Work required. Include the line containing "this 640×480 image." and every line after it up to the end of the material below; reproduce them exactly and drop the pictures.

Data for the task section start

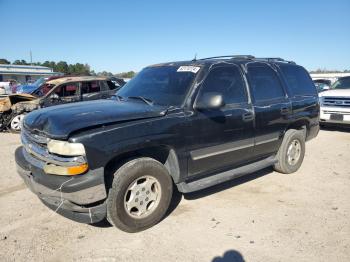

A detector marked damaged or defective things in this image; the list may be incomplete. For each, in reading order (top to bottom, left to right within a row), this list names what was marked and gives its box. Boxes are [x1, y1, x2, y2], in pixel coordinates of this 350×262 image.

damaged car [0, 77, 119, 132]
cracked bumper [14, 146, 106, 224]
damaged front bumper [15, 146, 107, 224]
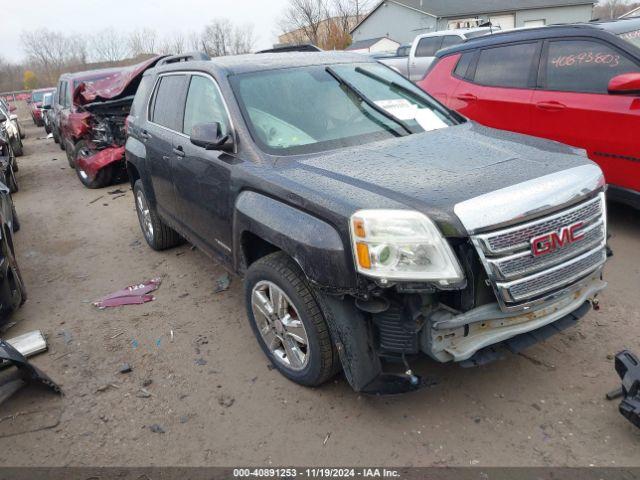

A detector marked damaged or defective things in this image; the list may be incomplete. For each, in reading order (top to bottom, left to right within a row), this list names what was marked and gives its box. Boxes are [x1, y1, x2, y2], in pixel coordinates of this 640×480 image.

wrecked red suv [56, 57, 164, 188]
damaged vehicle [58, 57, 165, 188]
damaged gmc terrain [58, 57, 165, 188]
crumpled hood [74, 55, 166, 106]
damaged gmc terrain [126, 52, 608, 392]
damaged vehicle [126, 51, 608, 394]
crumpled hood [272, 123, 596, 237]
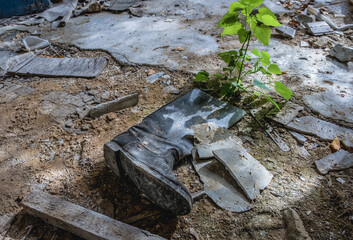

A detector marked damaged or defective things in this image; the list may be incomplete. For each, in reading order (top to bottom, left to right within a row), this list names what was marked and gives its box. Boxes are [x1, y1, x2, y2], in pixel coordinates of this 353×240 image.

broken concrete slab [8, 56, 106, 78]
broken concrete slab [328, 44, 352, 62]
broken concrete slab [88, 92, 139, 117]
broken concrete slab [270, 102, 302, 125]
broken tile piece [270, 102, 302, 125]
broken concrete slab [302, 91, 352, 125]
broken tile piece [286, 115, 352, 147]
broken concrete slab [286, 116, 352, 148]
broken tile piece [191, 152, 252, 212]
broken concrete slab [191, 154, 252, 212]
broken tile piece [212, 148, 272, 201]
broken concrete slab [212, 148, 272, 201]
broken tile piece [314, 148, 352, 174]
broken concrete slab [314, 150, 352, 174]
broken concrete slab [21, 189, 165, 240]
splintered wood beam [21, 189, 165, 240]
broken concrete slab [284, 208, 310, 240]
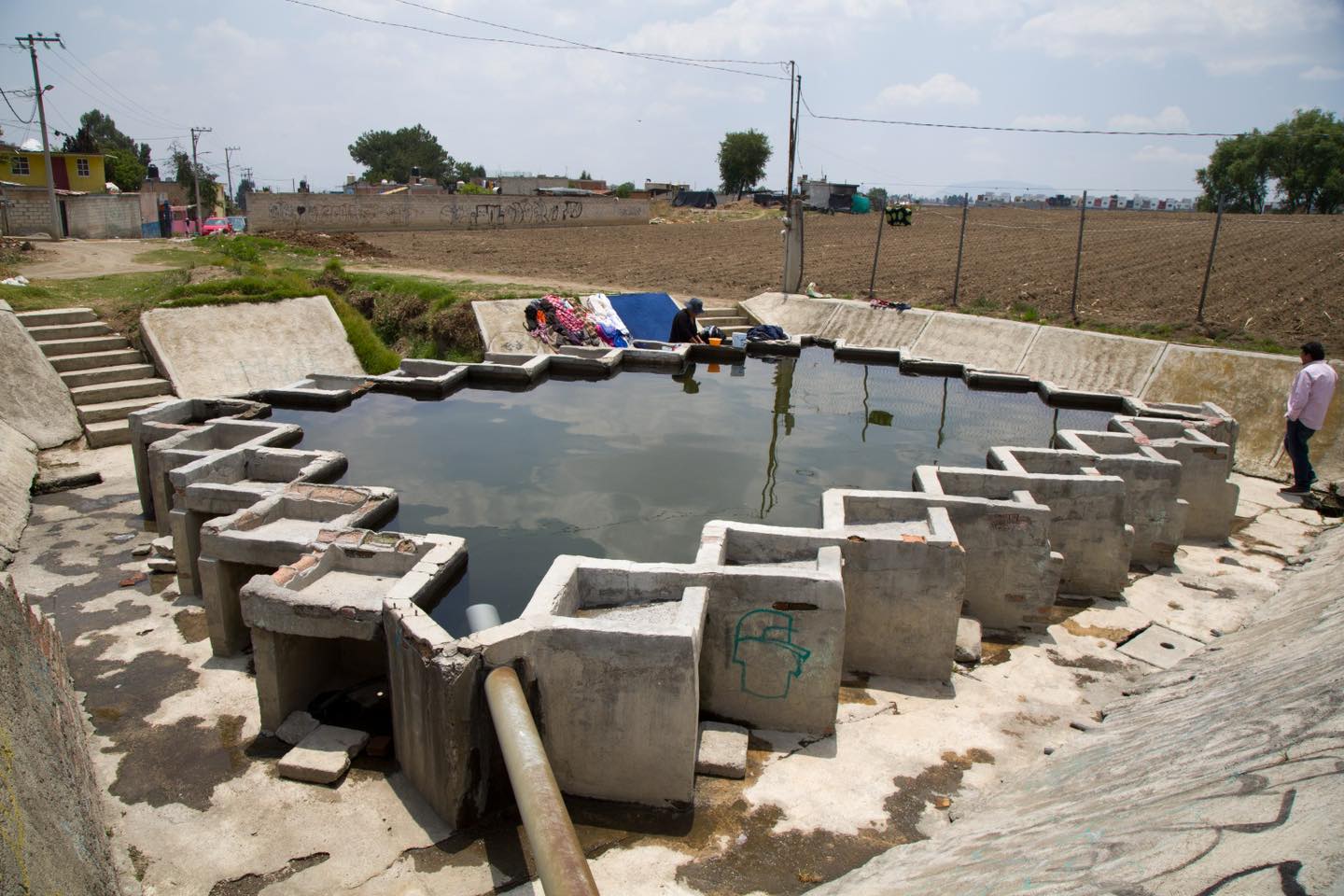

Data for the task section end

Task response.
A detector marked damaged or defective things in this image; the list may be incomplete. For each, in reading order (top to bottom, left to right within a row), this list names what was marked and gives its box. Boxes are [x1, y1, x2, y2], in pixel coordinates of this 640×480 image.

wrecked red suv [56, 57, 164, 188]
damaged vehicle [58, 57, 165, 188]
damaged gmc terrain [58, 57, 165, 188]
crumpled hood [74, 55, 166, 106]
damaged gmc terrain [126, 52, 608, 392]
damaged vehicle [126, 51, 608, 394]
crumpled hood [272, 123, 596, 237]

A detector marked damaged or defective things in this image; the list may be incomplete. For each, in reading order (top to bottom, left to right within a row), this list names what was marked and gives its box. Boxes are [x1, y1, x2, y2], in pixel coordinates of this 353×240 image.

broken concrete slab [8, 56, 106, 78]
broken concrete slab [328, 44, 352, 62]
broken concrete slab [88, 92, 139, 117]
broken concrete slab [270, 102, 302, 125]
broken tile piece [270, 102, 302, 125]
broken concrete slab [302, 91, 352, 125]
broken tile piece [286, 115, 352, 147]
broken concrete slab [286, 116, 352, 148]
broken tile piece [191, 152, 252, 212]
broken concrete slab [191, 154, 252, 212]
broken tile piece [212, 148, 272, 201]
broken concrete slab [212, 148, 272, 201]
broken tile piece [314, 148, 352, 174]
broken concrete slab [314, 150, 352, 174]
broken concrete slab [21, 189, 165, 240]
splintered wood beam [21, 189, 165, 240]
broken concrete slab [284, 208, 310, 240]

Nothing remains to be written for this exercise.